Saturday 26 June 2010

A Tallinn market and its local fruits


Meet Alexander, a former 'designer-modelier', a navy officer and presently an artisan of all things pickled. Alexander is clearly a dandy with a keen eye for style - just look at his cap and artfully laid table of home-grown herbs and 'conservanty'. When asked to pose for a photo, he comfortably fell into a coquette-ish pose with a fleeting 'oh, I've been photographed sooo many times over the years!' . However, he quickly became all business when asked which adjika (hot Georgian paste) he would recommend (best is made with lots of corriander, 30 krones) or how to use large, green leaves laying in a sack (to pickle those little prickly cucumbers, 10 krones).

Alexander is a seller at Jaamaturg (a Train station market), one of Tallinn's final outposts of home-grown produce and, increasingly so, of far-flung cheap clothes and manufactured tomatoes. He is one of the few retirees selling goodies from their dachas to supplmenet their scarse pensions. Amongst the majority of stalls stuffed with goods bought in chilled warehouse, there are still a few old babushkas offering small, neat bundles of dill and plastic cups of wild strawberries. But Alexander sticks out for being a rare man with a display and attitude that brings a rare smile amongst the understandably defeated looks of women. Once these babushkas are gone, one fears there will be no more produce from allotments or the charm and knowledge that only seems to come to markets where people who grow or make stuff come to sell.

This is an irony that when in Britain farmers' markets are on the rise, with flocks of middle classes rushing to stock up on 'organic' goodies with 'provenance', paying over the odds for the privilage, here it is the underprivilaged - the retired, the unemployed - who still come to such markets (there are no more than a handful of them left in the whole of Tallinn). This is not to say that in Estonia there is no interest in grow your own or food with a story - just look at the heavily stacked shelves of bookstores, full of Estonian Jamies and Hughes* - but perhaps the speed with which these markets are dying out is greater than the birth rate of the 'real food' enthusiasts.
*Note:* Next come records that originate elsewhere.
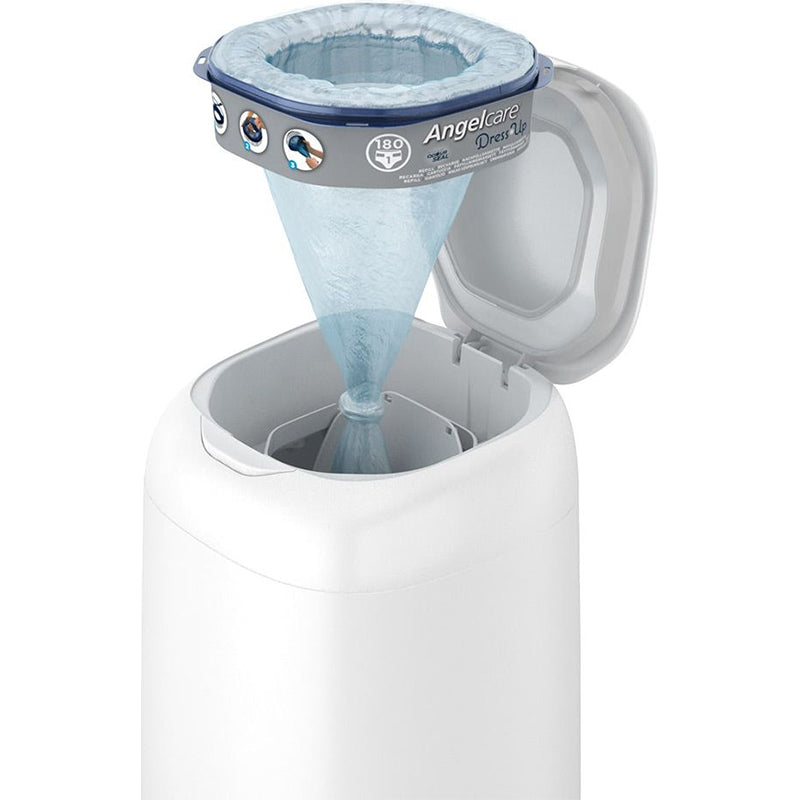 Recharge Angelcare Dress Up Lot de 6 recharges octogonales + Tapis A Langer De Voyage OFFERT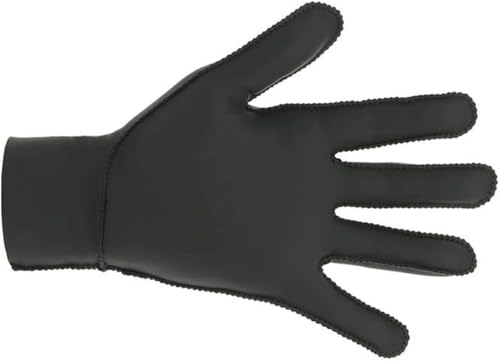 Santini Cycling Gloves, 1W Winter Gloves, Black, Large
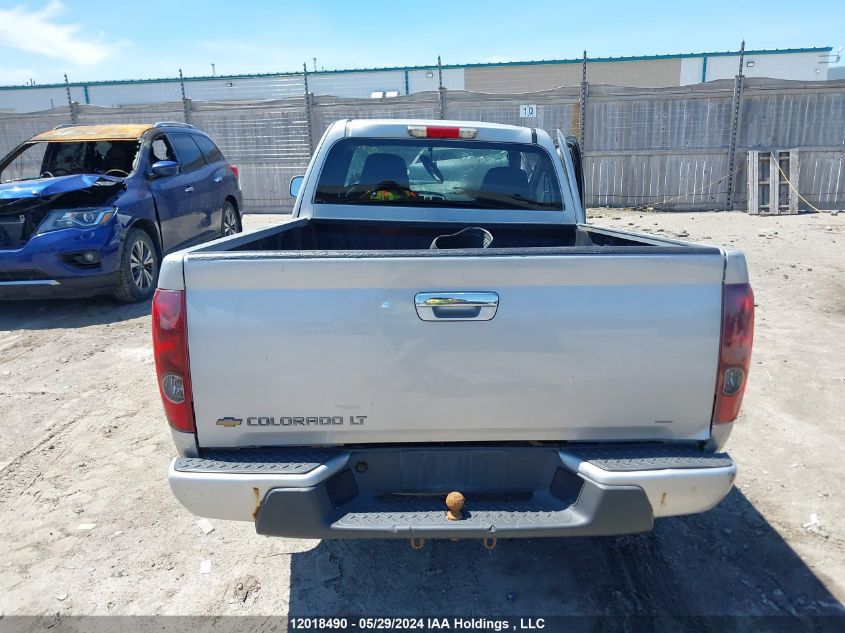 2010 Chevrolet Colorado VIN: 1GCESCD90A8145357 Lot: 12018490
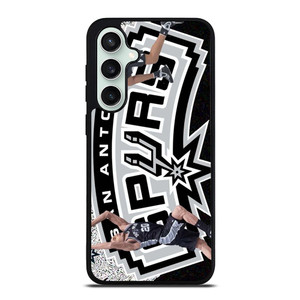SAN ANTONIO SPURS NBA Samsung Galaxy S23 FE Case Cover SAN ANTONIO SPURS NBA Samsung Galaxy S23 FE Case Cover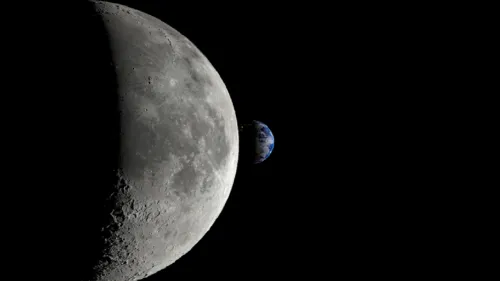 جزییات نخستین ماموریت انسانی به دور ماه بعد از نزدیک به ۵۰ سال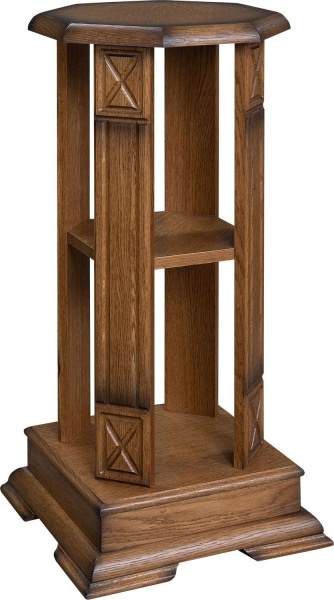 Подставка декоративная Верди Классик П3.0487.0.02 (Дуб рустикаль с патинированием)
Jaamaturg is a particularly colourful market, as it is snugly sandwiched between the old Soviet train station - still very much in operation, but with only a few lines running East - and Kalamaja, a district of Tallinn full of wooden houses built in the 1930s, sleepy parks and drunks. Kalamaja literally means a house of fish, a place where freshly caught fish is processed, as in the past, and to some extent still now, fishing is a big industry in Estonia. Although these days the melancholic and beautiful but polluted Baltic sea can only provide with plentiful Baltic herring - a smaller variety of the Atlantic type. Most fish on sale in Jaamaturg comes frozen from Norway. One honourable exception perhaps is caviar made out of pressed seaweed: refreshingly tasty, pretty-looking and cheap, as well as an allowed substitute for a vegan. The one on the picture was produced in Russia, however several brands are made locally.



Kalamaja houses several docks and the main Tallinn harbour. As everywhere in the world the area around the train station is not for midnight walks, but as everywhere else, what starts off as an area of low rents and high criminal activity, ends up as a hippy land, adored by artists and those aspiring to be. Kalamaja in Tallinn is what Hoxton in London used to be some 10-20 years ago.


One hopes Jaamaturg will survive not despite but because of its quirky old-fashioness and low prices. The market seems such a fitting spectacle for Kalamaja: not a pretty, messy place where one can buy anything from old Soviet memorabilia, to that made-in-China Dior bag and Estonian perfumed strawberries. It is nevertheless chilled and well-ordered with characters, such as Alexander, abound. They call it a soul I believe.


p.s. well, hello again my dear readers. I am back, although not sure if anyone else is still around. a big warm hug to you anyway, even if you have no company..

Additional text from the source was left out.